/The Right Way to Structure Cyber Diplomacy (via Qpute.com)
The Right Way to Structure Cyber Diplomacy

The Right Way to Structure Cyber Diplomacy (via Qpute.com)


The modern State Department was forged in an era of global transformation. In the 1930s, the department had fewer than 2,000 personnel and, as one historian emphasized, it was a “placid” place that was comfortable with “lethargic diplomacy.” World War II revolutionized the department, which readily transformed itself to handle the demands of planning a new international order. Between 1940 and 1945, the department’s domestic staff levels tripled and its budget doubled.

Today, the State Department is once again confronting the challenge of how to organize itself to cope with new international challenges — not those of wartime, but ones created by rapid technological change. There are ongoing conversations about how the department should handle cyberspace policy, as well as concerns about emerging technologies like artificial intelligence, quantum computing, next generation telecommunications, hypersonics, biotechnology, space capabilities, autonomous vehicles, and many others.

 

 

As Ferial Ara Saeed recently emphasized, the department is not structured in a way that makes sense for addressing these matters. She is not alone in having this view, and others have also offered ideas for reform. Former Secretary of State Mike Pompeo’s proposal for a Bureau of Cyberspace Security and Emerging Technologies focused too narrowly on security, as Saeed correctly diagnoses. As an alternative, she proposes consolidating all technology policy issues under a new under secretary, who would report to the deputy secretary of state for management and resources.

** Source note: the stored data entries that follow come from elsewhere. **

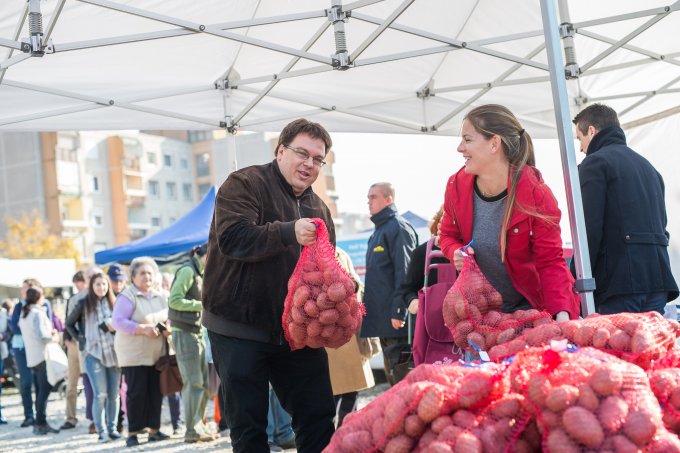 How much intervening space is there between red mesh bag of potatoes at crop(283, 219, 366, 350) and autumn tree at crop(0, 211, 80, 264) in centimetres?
5003

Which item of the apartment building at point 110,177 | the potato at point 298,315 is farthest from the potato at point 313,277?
the apartment building at point 110,177

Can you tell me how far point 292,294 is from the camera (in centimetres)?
372

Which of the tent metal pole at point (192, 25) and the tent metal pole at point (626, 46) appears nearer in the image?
the tent metal pole at point (192, 25)

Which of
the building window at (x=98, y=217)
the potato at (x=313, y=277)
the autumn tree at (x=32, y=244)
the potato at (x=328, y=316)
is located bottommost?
the potato at (x=328, y=316)

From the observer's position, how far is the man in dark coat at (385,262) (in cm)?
672

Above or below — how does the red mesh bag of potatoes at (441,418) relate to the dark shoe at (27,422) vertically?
above

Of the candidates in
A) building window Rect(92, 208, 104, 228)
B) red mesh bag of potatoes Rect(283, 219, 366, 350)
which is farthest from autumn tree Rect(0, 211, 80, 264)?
red mesh bag of potatoes Rect(283, 219, 366, 350)

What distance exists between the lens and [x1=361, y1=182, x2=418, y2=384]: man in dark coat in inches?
265

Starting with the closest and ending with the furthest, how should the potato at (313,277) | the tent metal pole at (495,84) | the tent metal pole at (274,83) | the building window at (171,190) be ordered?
the potato at (313,277) < the tent metal pole at (274,83) < the tent metal pole at (495,84) < the building window at (171,190)

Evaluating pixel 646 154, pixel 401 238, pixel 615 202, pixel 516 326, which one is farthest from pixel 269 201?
pixel 646 154

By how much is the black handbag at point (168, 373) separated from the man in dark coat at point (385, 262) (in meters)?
2.76

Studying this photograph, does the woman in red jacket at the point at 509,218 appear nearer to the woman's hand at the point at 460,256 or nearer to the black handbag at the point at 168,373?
the woman's hand at the point at 460,256

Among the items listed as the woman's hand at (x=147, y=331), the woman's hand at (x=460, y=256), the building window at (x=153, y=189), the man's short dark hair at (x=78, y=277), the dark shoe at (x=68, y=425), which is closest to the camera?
the woman's hand at (x=460, y=256)

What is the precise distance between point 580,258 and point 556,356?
1.57 meters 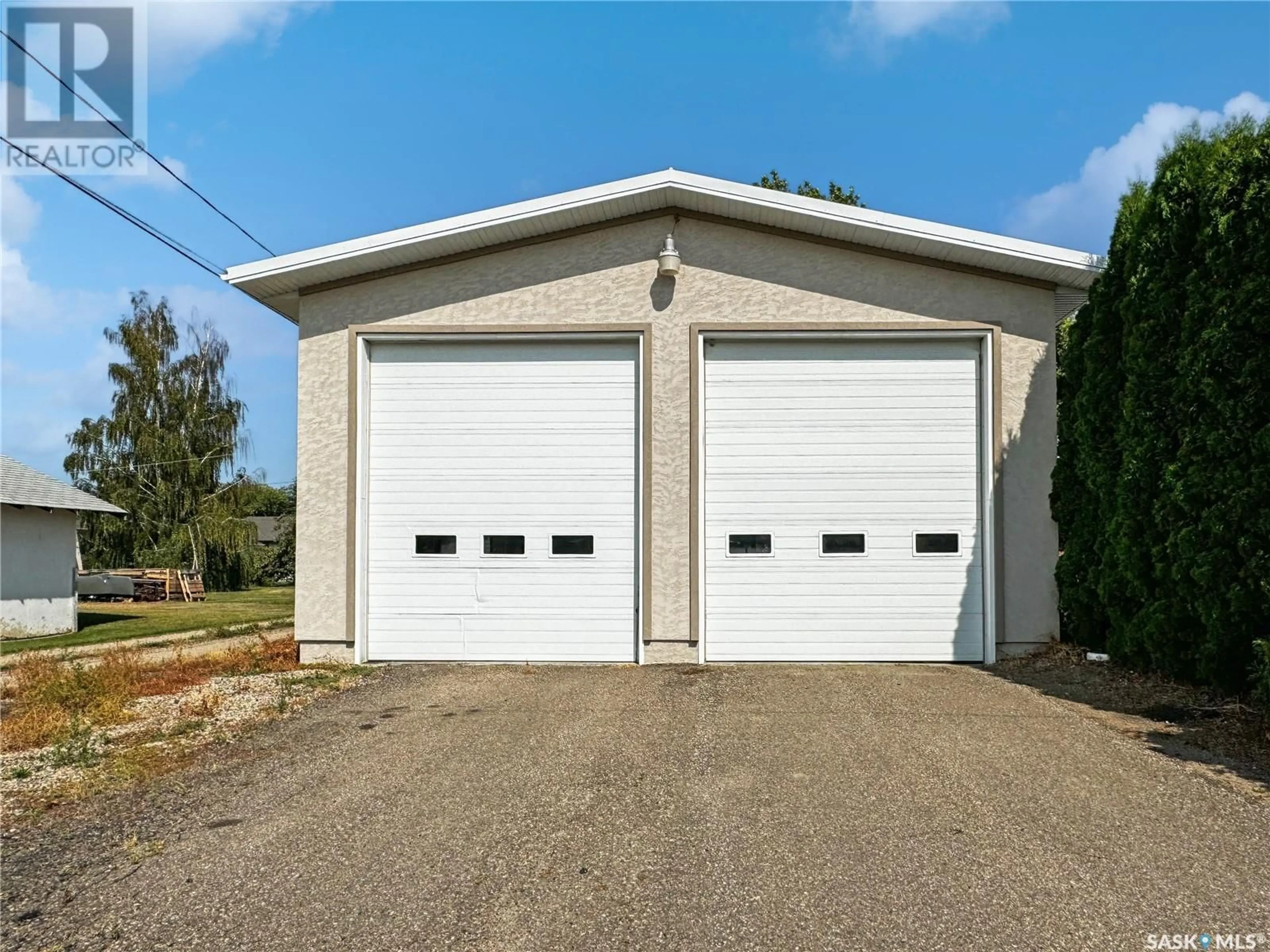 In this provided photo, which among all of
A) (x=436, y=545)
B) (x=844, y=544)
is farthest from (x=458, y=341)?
(x=844, y=544)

The State Department should be restructured so that it can conduct effective cyber diplomacy, but establishing one bureau for all things technology-related is not the way to proceed. Conceptually, the core challenges for cyberspace policy are different from those related to emerging technology issues, and creating one all-encompassing bureau would generate multiple practical problems. Instead, the department should establish a Bureau of International Cyberspace Policy, as proposed in the Cyber Diplomacy Act. Consolidating cyberspace policy issues in a single bureau would provide greater coherence to overarching priorities and day-to-day diplomatic activities. Emerging technology issues should remain the responsibility of the appropriate existing bureaus. If they are provided with greater resourcing and if appropriate connective tissue is created, those bureaus will have greater flexibility in crafting individualized strategies for a very diverse array of technologies. At the same time, the department would be able to prioritize and adopt a strategic approach to technology diplomacy.

Cyberspace Matters Are Different from Other Technology Issues

Through our work as staff of the U.S. Cyberspace Solarium Commission, we have observed how cyberspace policy will have impacts on U.S. foreign policy and international relations that differ fundamentally from those produced by other technology issues. That is why cyberspace policy warrants a distinct foreign policy approach.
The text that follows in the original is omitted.